すべての花へそして君へ③
 ❀


 アスリート張りに一升餅を持ち上げる妹の、一歳のお誕生日をお祝いしたのはお昼頃。


「それじゃあ、何もなければまた日曜日の夜帰ってくるから」

「今から仕事?」

「うん。でも大した量ないからすぐ終わるよ。そのまま今日は、ヒナタくんちにお泊まりしてくるね」

「迷惑掛けないようにね」


「はーい!」と返事をしながら、母の腕の中で眠そうにしている妹の頬を、つんつんと突く。……あああああ、何このもちもち感!


「涎出てるわよ、あおい」

「生理現象ですよ母上」


 妹を産んだすぐは、まだ体調を崩すことが多かった。母の場合家系も家系。体調を崩すと結構それが長く続いて、つらそうにしていることも多かったけれど。今では、外に出られる機会が増えてからは、随分と元気そうになった。


「お母さんが元気になったら、またみんなでどこかお出かけ行こう!」

「……ええ。楽しみね」


 それじゃあばいばいと、母と半分眠っている妹が手を振り返してくれた後、ビルの横に付けてあった車にさっと乗り込んだ。
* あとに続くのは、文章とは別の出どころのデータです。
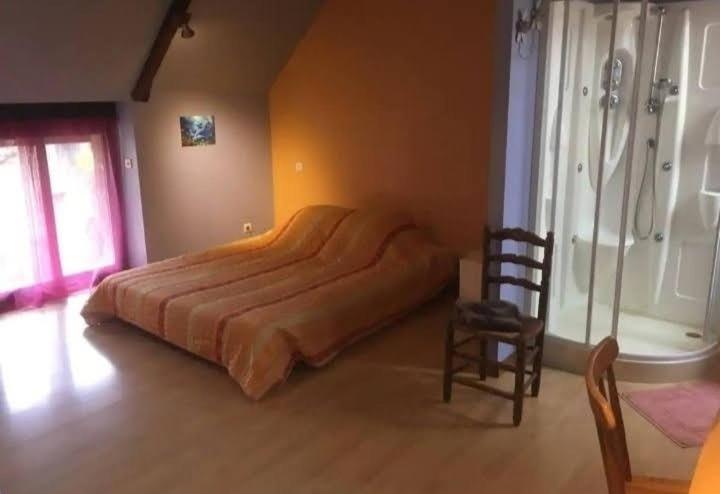 Chambre Chez L'Habitant Rueyres Kültér fotó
「もっとお祝いしててよかったのに。妹ちゃん、誕生日だったんでしょ?」

「十分したので大丈夫ですよ。お気遣いありがとうございます」


 束の間の沈黙。それを破るように静かに車が発進した。


「そういえば、施設の子たちが寂しがってるってマザーが。最近なかなか行けてない?」

「ちょうど明日、ヒナタくんと一緒に行こうと思ってました」

「そっか。弟くんも、随分と懐かれたもんだねえ」

「それで? 今回はどうしたんですか?」

「……」

「……シズルさん?」


 信号に引っかっている間、車の中には無言が続いた。